● **THE RECORDS**:

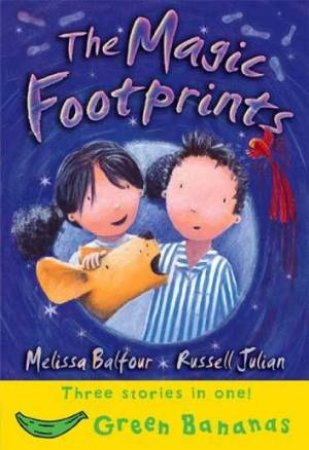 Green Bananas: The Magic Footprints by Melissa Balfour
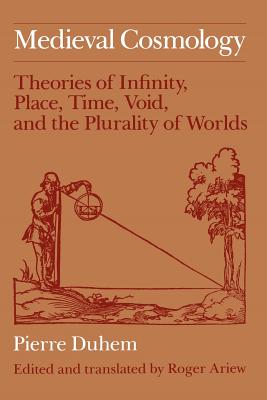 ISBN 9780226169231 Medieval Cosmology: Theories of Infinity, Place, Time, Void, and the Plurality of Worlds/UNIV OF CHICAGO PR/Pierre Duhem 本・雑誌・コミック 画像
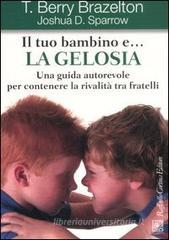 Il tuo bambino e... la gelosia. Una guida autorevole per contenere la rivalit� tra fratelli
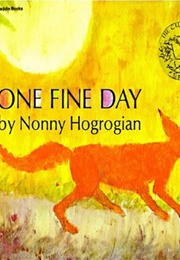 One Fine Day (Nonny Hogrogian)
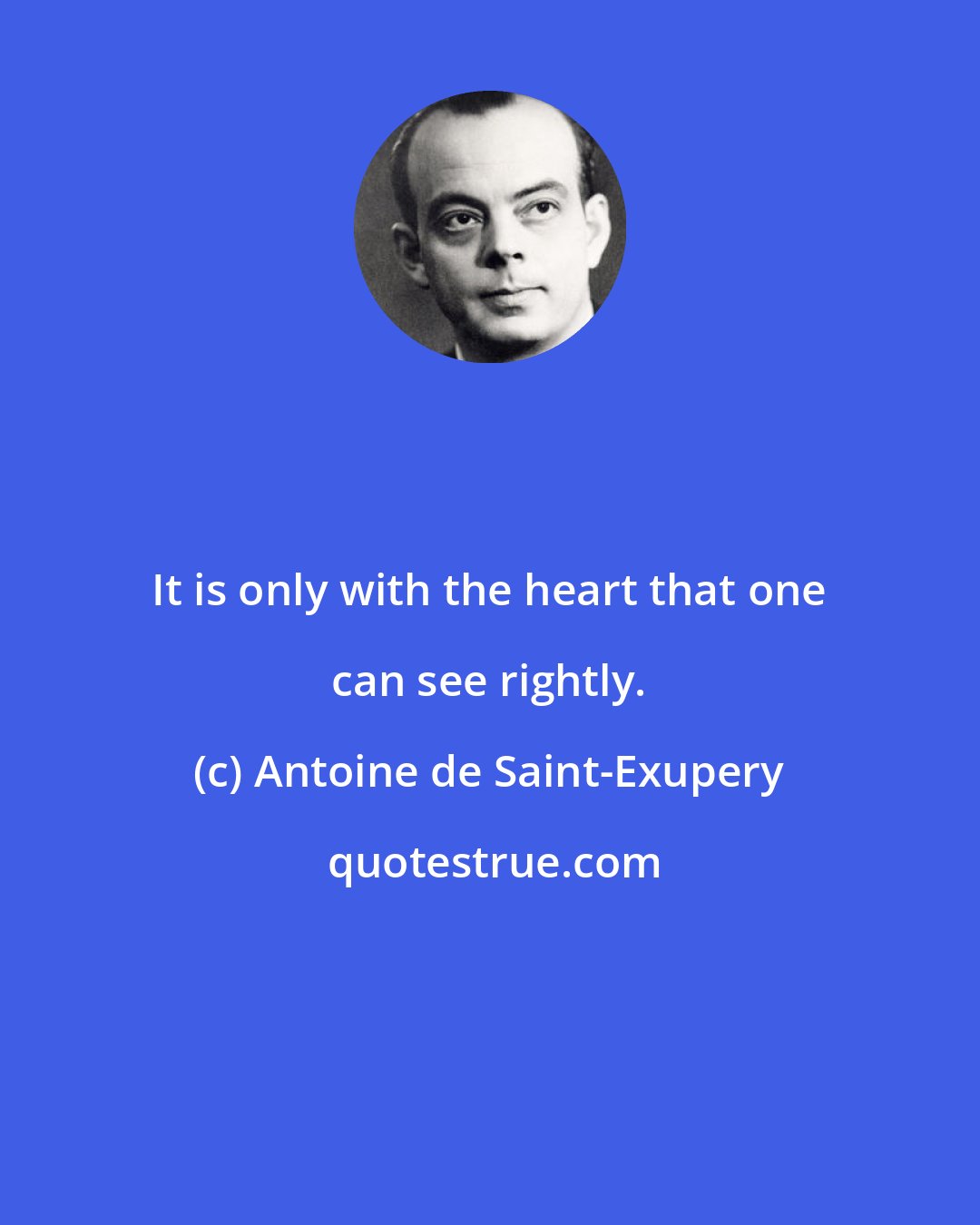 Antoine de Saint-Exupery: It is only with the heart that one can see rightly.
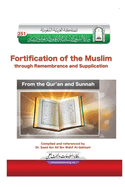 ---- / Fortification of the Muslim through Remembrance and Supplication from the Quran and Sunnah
==
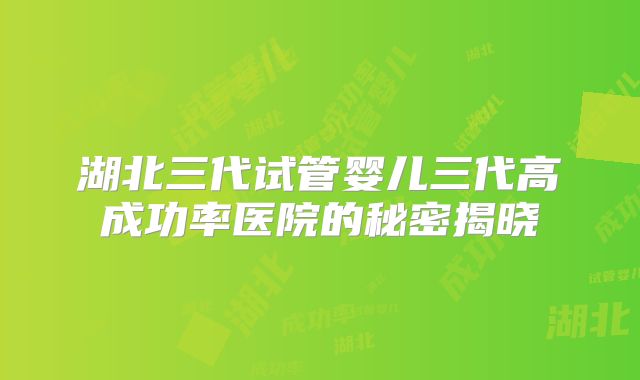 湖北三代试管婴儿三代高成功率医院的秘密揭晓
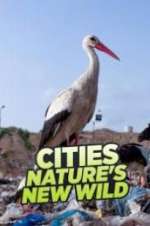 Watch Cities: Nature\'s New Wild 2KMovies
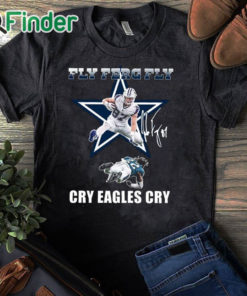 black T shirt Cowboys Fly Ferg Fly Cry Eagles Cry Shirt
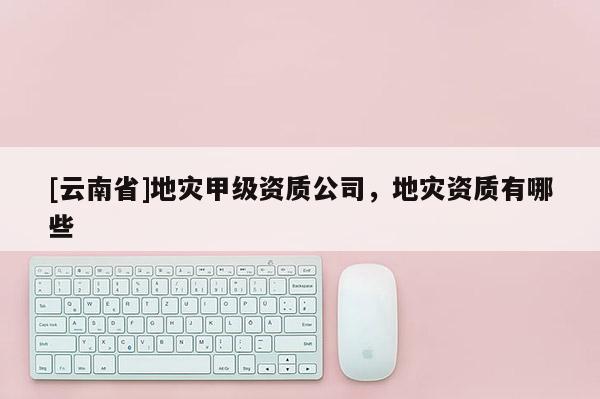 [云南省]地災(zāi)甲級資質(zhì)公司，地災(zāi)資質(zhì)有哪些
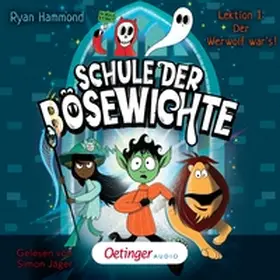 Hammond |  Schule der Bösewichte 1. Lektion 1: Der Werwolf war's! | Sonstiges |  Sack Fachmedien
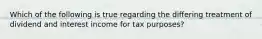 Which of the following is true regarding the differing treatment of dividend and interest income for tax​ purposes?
...
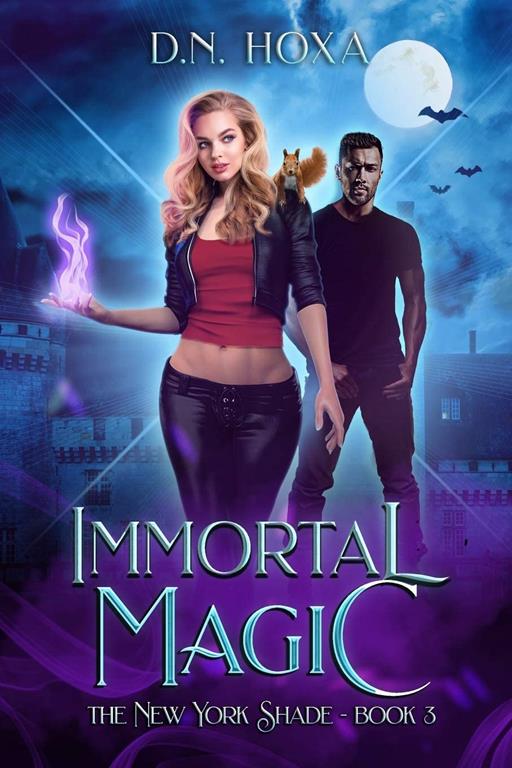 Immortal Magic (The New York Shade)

● **PROBLEM STATEMENT**:
For the data above, set down exactly the lines from the line with "Antoine de Saint-Exupery: It" to the line with "---- / Fortification", both included, leaving pictures out.

● **RESULT**:
 Antoine de Saint-Exupery: It is only with the heart that one can see rightly.
 ---- / Fortification of the Muslim through Remembrance and Supplication from the Quran and Sunnah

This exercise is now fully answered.